◆ AIM OF THE EXERCISE ◆
Nothing beyond the line containing "Oil da vinci,leonardo" is to be printed; print exactly each line from the start of the records below through that line, leaving out pictures.

◆ Web page caption snippets ◆
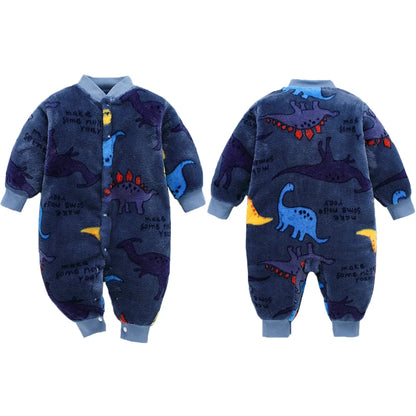 Unisex Baby Fleece Jumpsuits with Cute Animal and Pattern Designs, Cozy and Warm One-Piece Rompers for Toddlers, Ideal for Winter and Cold Weather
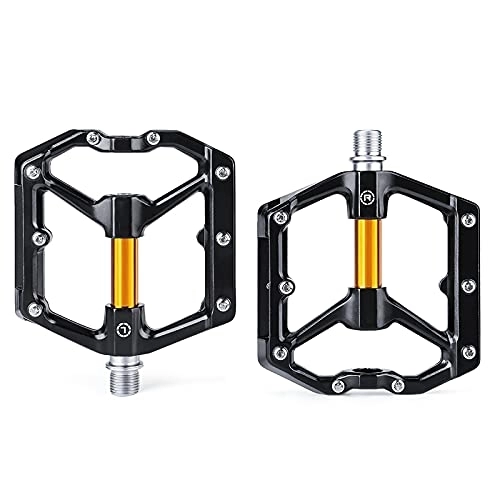 Mountain Bike Pedal : QSMGRBGZ Bicycle Pedals, Aluminum Alloy Mountain Bike Widen Pedals Waterproof, 14Mm Road Bike Riding Pedal Accessories(4.1 * 4 * 0.9In), Black gold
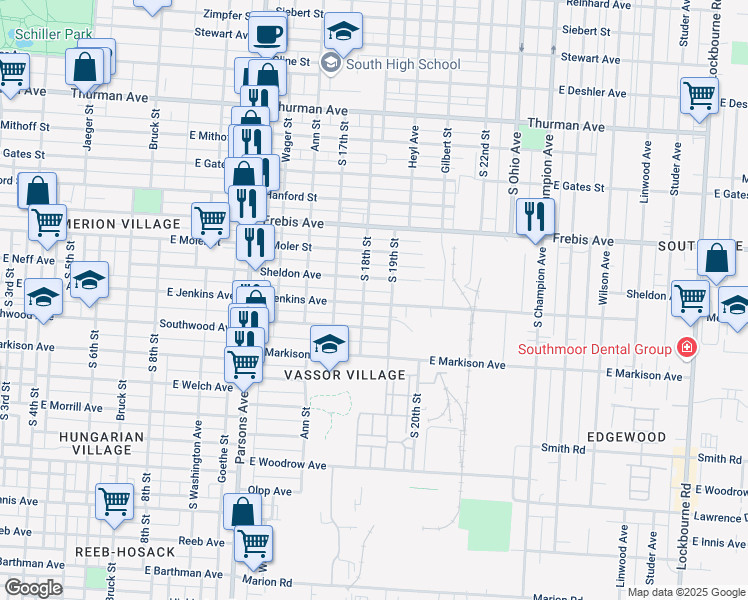 map of restaurants, bars, coffee shops, grocery stores, and more near 646 East Jenkins Avenue in Columbus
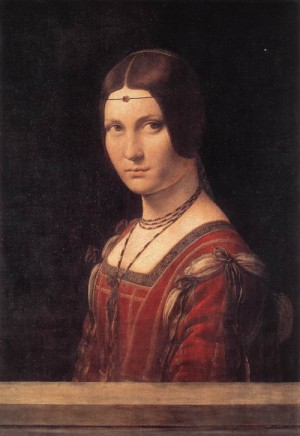 Oil da vinci,leonardo Painting - La belle Ferroniere    c. 1490 by Da Vinci,Leonardo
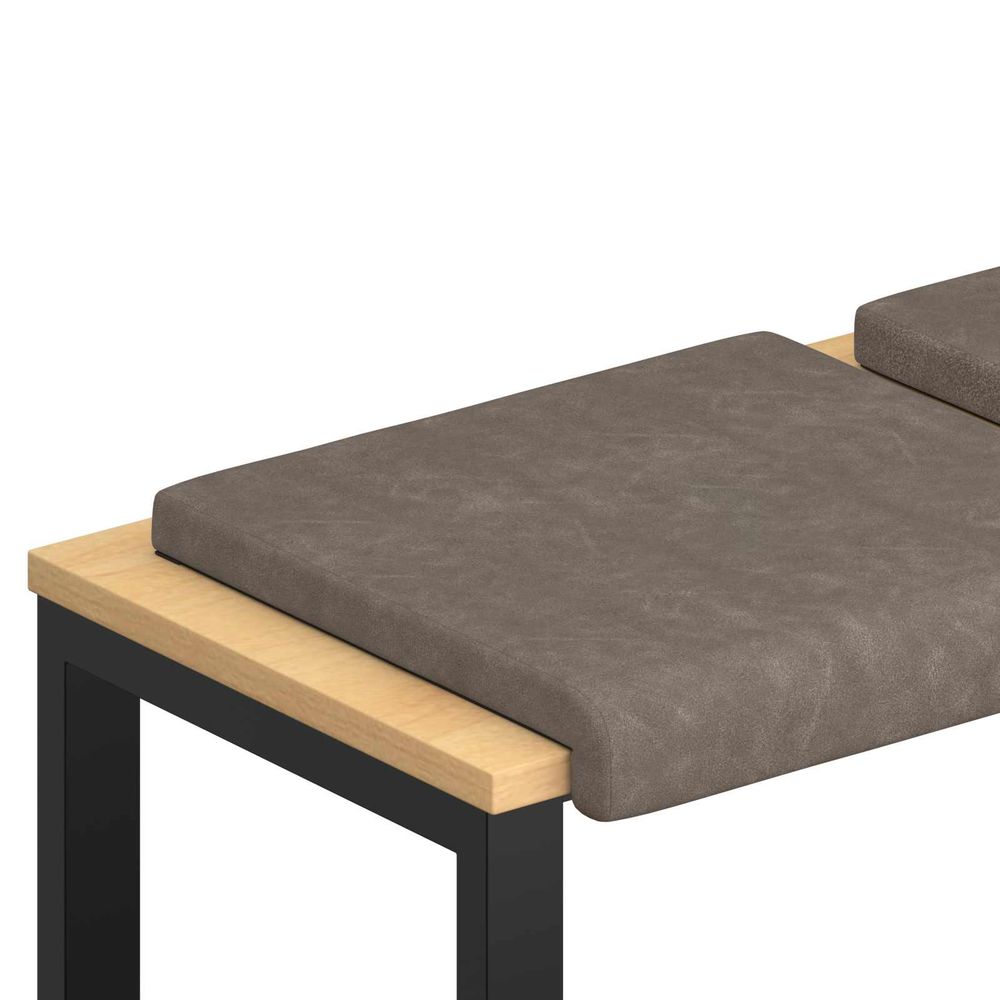 Coussin de banc 2 pc simili cuir gris profondeur 35 cm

◆ SOLUTION ◆
 Unisex Baby Fleece Jumpsuits with Cute Animal and Pattern Designs, Cozy and Warm One-Piece Rompers for Toddlers, Ideal for Winter and Cold Weather
 Mountain Bike Pedal : QSMGRBGZ Bicycle Pedals, Aluminum Alloy Mountain Bike Widen Pedals Waterproof, 14Mm Road Bike Riding Pedal Accessories(4.1 * 4 * 0.9In), Black gold
 map of restaurants, bars, coffee shops, grocery stores, and more near 646 East Jenkins Avenue in Columbus
 Oil da vinci,leonardo Painting - La belle Ferroniere    c. 1490 by Da Vinci,Leonardo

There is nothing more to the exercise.